Das Team ist zwar mit emsigen Arbeitern der Marke Palacios oder Figueroa gespickt, insgesamt aber wohl nicht tief genug besetzt. Verletzungen, Sperren oder Auswechslungen während des Spiels könnten die Qualität der Suarez-Elf schnell sinken lassen. Außerdem fehlt der absolute Star, der eine Partie entscheiden könnte.

Dennoch dürfen sich besonders Frankreich und die Schweiz nicht wundern, wenn ihnen „La H“ kräftig in die Suppe spuckt und ins Achtelfinale einzieht.
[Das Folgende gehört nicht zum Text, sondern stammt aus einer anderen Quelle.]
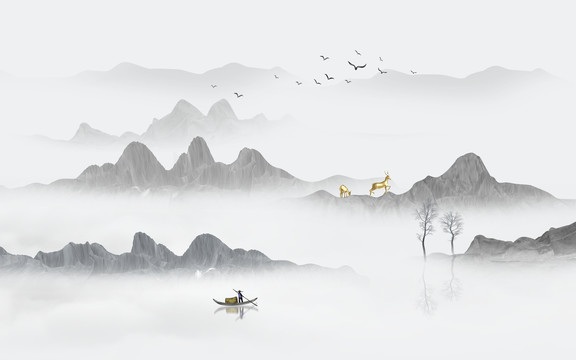 水墨山水畫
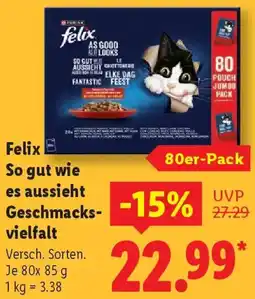 Lidl Felix So gut wie es aussieht Geschmacksvielfalt Angebot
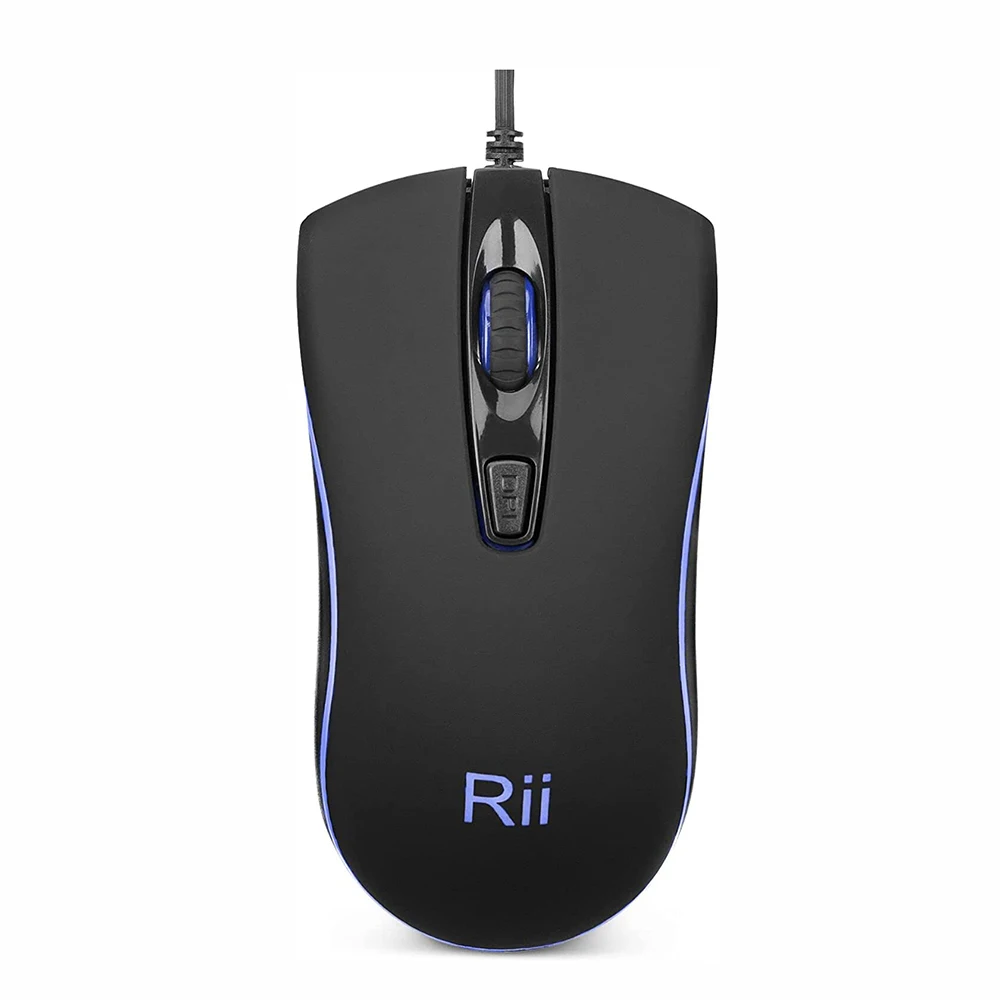 

Мышь Компьютерная Rii RM105 Проводная с RGB-подсветкой, 1600DPI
Zu Motivationszwecken engagierte Suarez deshalb den argentinischen Ex-Weltmeister Jorge Valdano. Der Sieg-Torschütze aus dem Endspiel 1986 soll das Team mit Vorträgen auf das Turnier vorbereiten.

Auch ohne Valdanos Expertise ist Honduras allemal dafür gut, einen der Favoriten hinter sich zu lassen. Frag nach bei Mexiko.